Article 53 of Federal Decree-Law No. (8) of 2017 on Value Added Tax, describes the method to Calculate UAE VAT Payable to FTA(Federal Tax Authority).
Due Tax for a Tax Period
Article (53) Calculation of Payable Tax
The Payable Tax for any Tax Period shall be calculated as being equal to the total Output Tax payable
pursuant to this Decree-Law and which has been done in the Tax Period less the total Recoverable Tax by
said Taxable Person over the same Tax Period.
The above article States, Your the Output Tax less of Recoverable Input Tax is equal to Tax Payable.
Hence, the formula to Calculate UAE VAT payable is as below:
Output VAT – Recoverable Input VAT = VAT payable
From Jan 2018, VAT is all set to be implemented in UAE. It is necessary for businesses to get ready for VAT compliances.

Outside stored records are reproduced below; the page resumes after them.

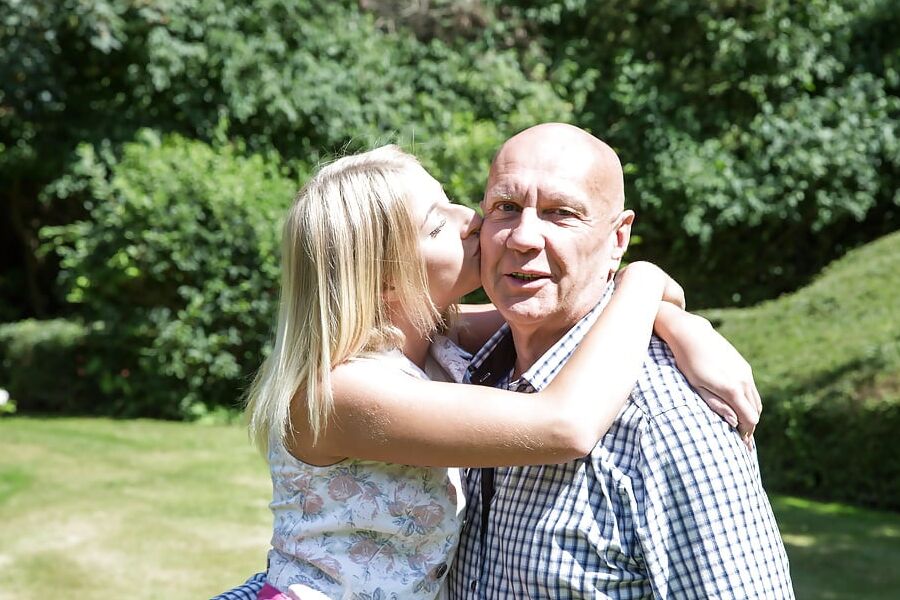 Aria Logan - Granddadz.com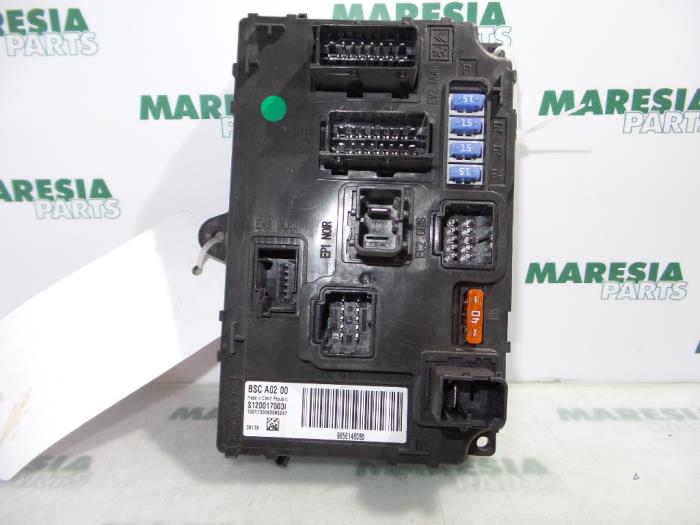 Gebruikte Computer Diversen Peugeot 407 (6D) 2.0 HDiF 16V Prijs € 80,00 Margeregeling aangeboden door Maresia Parts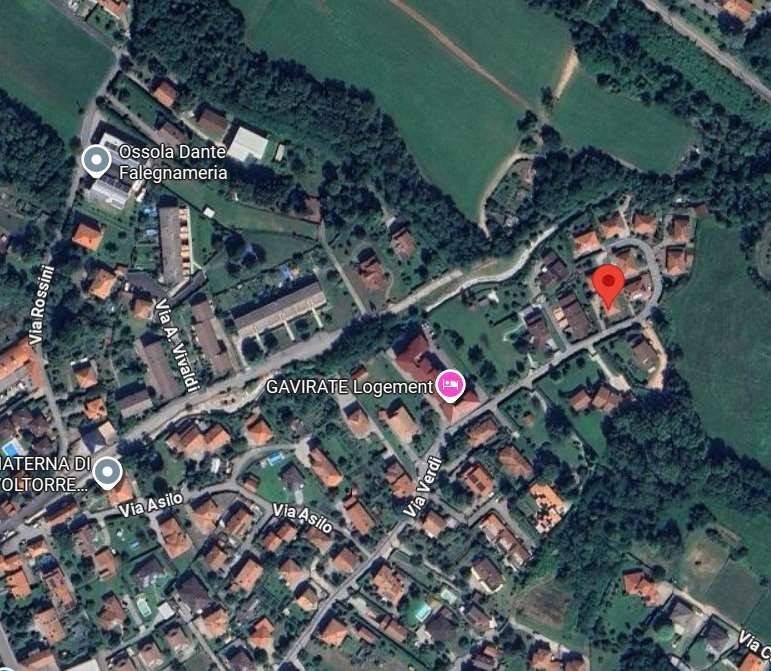 casa indipendente in vendita a Gavirate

Businesses will have to maintain records, collect and pay VAT, the filing of VAT returns etc. all in accordance with the VAT Law.
Let us understand the above with the help of an example.
You purchase good from a distributor.
Distributor Price – AED 20,000.
5 % VAT Paid – AED 1000.
Purchase price – AED 21,000
Now you sell the above goods to your customers.
Your Price – AED 22000.
5 % VAT Collected – AED 1100.
Your Sale Price = 23100.
How to Calculate UAE VAT Payable?
VAT collected – VAT paid = VAT Payable
AED 1100 – AED 1000 = AED 100
Thus AED 100 is your payable amount to FTA.